How Mock Meats Fit In
Mock meats have moved from a tiny segment of the market made just for vegetarians to a booming business. Savvy investors have funded research into all kinds of mock burgers, hoping to come up with the elusive burger recipe that will be indistinguishable from beef. Lab-grown muscle tissue and top-secret processes are being used to create truly realistic fakes. The mock meat market is not designed for vegetarians: its focused on making omnivores and meat lovers more comfortable with eating less meat, and its working.
A January 2017 survey by Mintel found that a third of its respondents bought meatless meats. According to the market research company MarketsandMarkets, the meat substitutes market is expected to reach $5.96 billion by 2022.

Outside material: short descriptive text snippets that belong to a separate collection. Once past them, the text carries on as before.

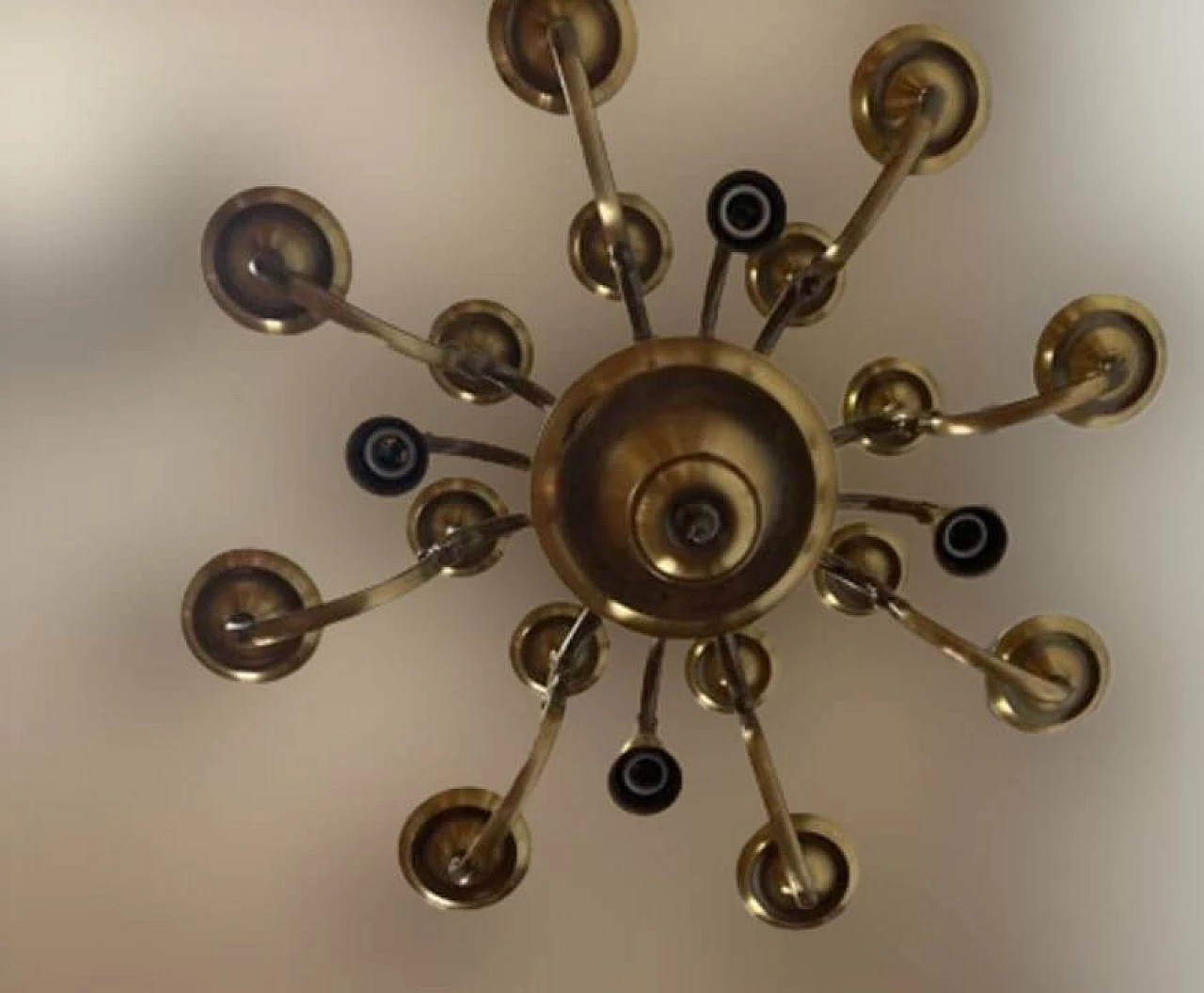 Twenty-light brass and bronze chandelier, 1950s 3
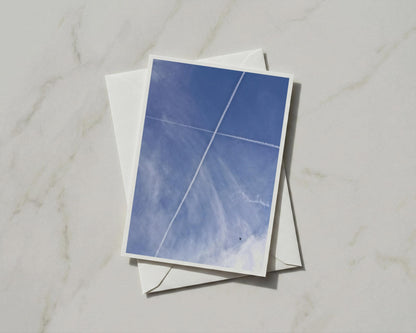 Blue Sky Contrail Card, Aeroplane Trail Greeting Card, Minimalist Sky Photo Card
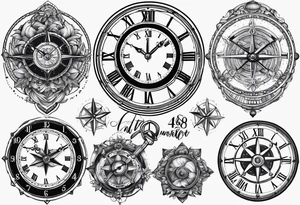 Nautical clock 4:08 tattoo idea
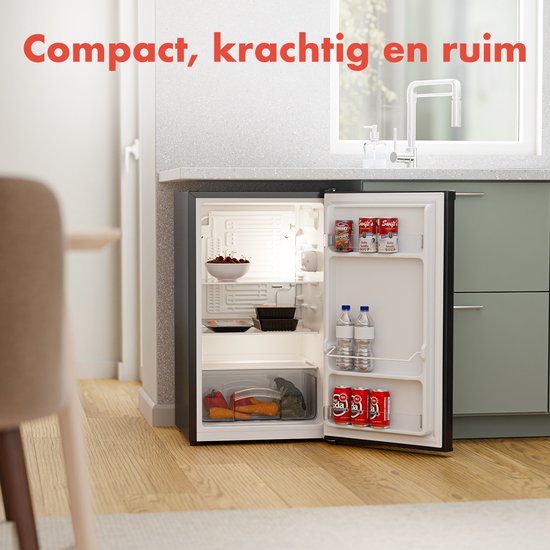 KitchenBrothers Réfrigérateur de table - 88L - Freestanding - Noir - Mini Frigo compact avec étagères réglables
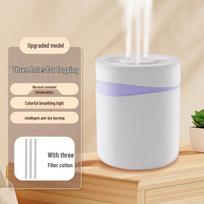 Multi-Function USB Humidifier & Aroma Diffuser with Air Purifier and Atmosphere Light for Home, Office, and Dorms. White Button Version gray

Of course, homemade mock meats are a great alternative to factory-made ones. Take a look at the ingredients list on a box of frozen veggie burgers at your local grocery store, and you might find some unpronounceable stuff in there. If you shop carefully, there are some clean meatless meats at the store, and the options grow every day.
But you really can make your own. All the recipes in this book are made with ingredients you can buy at a natural-foods grocery. If you dont live close to one, its often quite easy, and perhaps more economical, to order the ingredients used to make mock meats in bulk online. Its kind of like baking your own bread: you put in some time over the weekend and then have fresh meats to eat all week.